野党第一党だそうである。なるほど、人数だけなら確かにそうなる。与党を監視し、権力が暴走しないように歯止めをかけるのが役割だとも。あのやくたいもない影の内閣もそのためだそうだ。いつでも政権交代できますよ、準備はできてますよ――ずっとそう言い続けている。あの去年の総選挙の時でさえも本気でそう思っていたらしい。だが、そんな彼らがグラウンドに立つための日々の鍛錬はおろか、ユニフォームもろくに揃えられず、さらには肝心のプレイのルールさえ実はよくわかっていないままだったことが白日の下にさらされた。わが国の政治とは、いまやたかだかこの程度、これくらいの人格の選良によって支えられている。そのことを自ら率先して何から何まで全部メディアの前にさらけ出してまで、わが同胞の政治リテラシーを高めてくれようとした民主党は、まさに飢えた虎に我が身を与えたという、かのお釈迦様さながら、いや、本当にすばらしい政党である。

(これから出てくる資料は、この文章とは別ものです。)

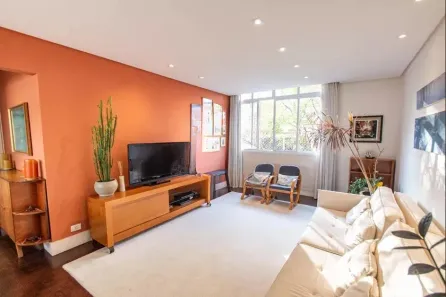 Apartamento com 2 Quartos à venda, 110m² no Vila Mariana, São Paulo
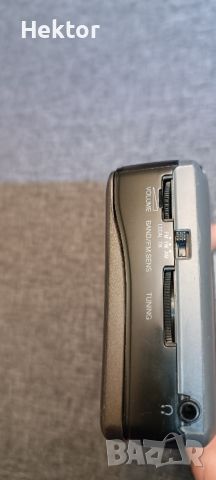 Panasonic RQ V152 уокмен , снимка 4 - Радиокасетофони, транзистори - 46389478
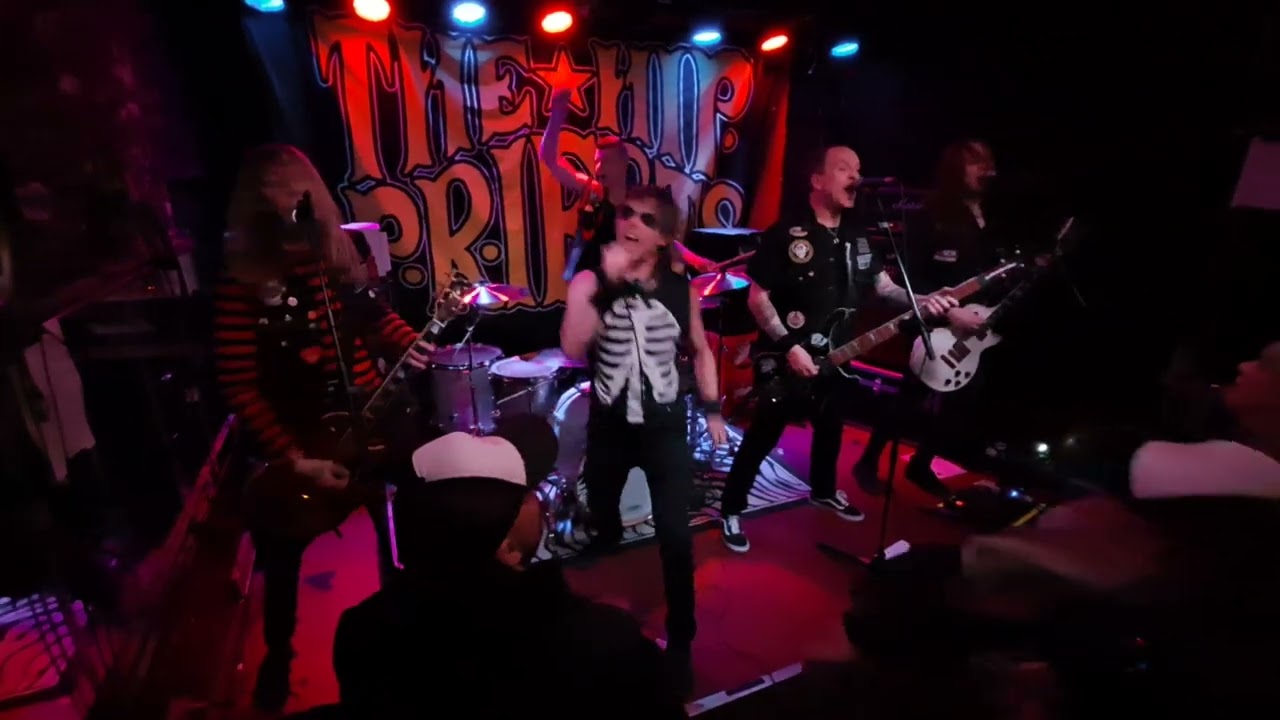 THE HIP PRIESTS @ Sonic Ballroom, Cologne, Germany | 27.04.2023 | 2 of 2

《党首討論がどうみても前原の公開拷問です。本当にありがとうございました。》
《自らネコイラズ団子食って苦しみもがいているネズミを、どうしたもんかと少々困惑しながら眺めているネコの図。 》
国会を揺るがせた、かの偽メール騒動。ことの真偽もさることながら、今回、誰もが平等に学んだのは、野党第一党の若手ホープと目される国会議員というのが、どういう経歴の、どういう価値観、どういうものの見方をする人間なのか、ということだった。

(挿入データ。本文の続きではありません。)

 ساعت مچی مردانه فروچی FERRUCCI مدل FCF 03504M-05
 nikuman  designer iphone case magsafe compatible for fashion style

まずは主役、永田寿康、民主党衆議院議員。昭和四四年生まれ。慶應義塾志木高校、東京大学卒。大蔵省入省。UCLAへ留学後、運輸省へ出向。さらに衆議院議員に。主な経歴は、民主党国会対策委員会 筆頭副委員長。衆議院 財務金融委員会 筆頭理事。衆議院 郵政民営化に関する特別委員会委員。
次に前原誠司、民主党代表。昭和三七年生まれ。京都教育大学附属高校、京都大学卒。高坂正堯ゼミに所属。松下政経塾第八期生。京都府議を経て衆議院議員。経歴は、議院運営委員会筆頭理事、予算委員会委員、外務委員会理事、公職選挙法改正調査特別委員会委員、災害対策特別委員会委員……(以下、略)

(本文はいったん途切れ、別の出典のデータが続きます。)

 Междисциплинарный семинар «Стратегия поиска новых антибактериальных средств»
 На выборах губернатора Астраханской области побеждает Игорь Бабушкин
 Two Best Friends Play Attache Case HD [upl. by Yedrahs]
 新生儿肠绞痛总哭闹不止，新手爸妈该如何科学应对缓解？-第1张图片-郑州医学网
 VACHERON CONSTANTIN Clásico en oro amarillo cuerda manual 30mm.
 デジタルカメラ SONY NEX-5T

さらに野田佳彦、民主党前国会対策委員長。昭和三二年生まれ。県立船橋高校、早稲田大学卒。松下政経塾第一期生。千葉県議を経て衆議院議員。
十代から四十代。松下政経塾に元高級官僚、そして留学体験。履歴書的には文句なしのエリート様なのは国会議員ゆえ珍しくもないかも知れない。だが、その裏ですでに懲罰委員会にかけられること数回の常連だったりすると、話はまた違ってくる。公式プロフィールには載っていないそれらの経歴も、ネット住民にかかればあっという間に証拠の動画つきで掘り起こされてさらされるのがいまどき。天網恢々疎にして漏らさず。
《永田議員ってこんな人
・「阪神淡路大震災被災者は災害指定目的で火をつけた」発言
・松浪への「扇と何発やった?」発言(水をかけられる)
・佐藤ゆかりへの「クルクルパー」(30秒後に佐藤の話について行けず思考停止)
・国会質疑についていけず折り紙で現実逃避
・追加 出来の悪い偽造メールを掴まされ、国会で壮絶自爆。民主党大打撃。》
まずはこの三人が太夫と才蔵の役回り、わが国政治史上でもおそらくまれな茶番を動かすことになった。発端はご存じホリエモン逮捕。事実上の自民党推薦候補として去年の総選挙に彼が出馬していたことから、表だって応援していた武部幹事長とライブドアとの関係を一部マスコミが取りざたしたことから始まった。昨今の状況から当然、電網空間にも飛び火、先月号で触れた「きっこの日記」などが例によってお先棒担いではやし立てたことで、先にマンション耐震偽装問題でブログと野合、一時は正義の味方になって味をしめた民主党が、これは二匹目のドジョウとばかりに食いついた。そこに運悪く、フリー記者と称する人物が「実はこんな爆弾情報が……」と持ち回っていたのがかの偽メール。メールと言いつつ実は紙切れ一枚。それも肝心のところがマジックで消されているような代物だったのだが、それを丸呑みに信じてしまったからことはいたずらに大きくなった。
《『■屈江メール騒動今までの経緯』
16日委員会で永田が「メール問題」を提起 。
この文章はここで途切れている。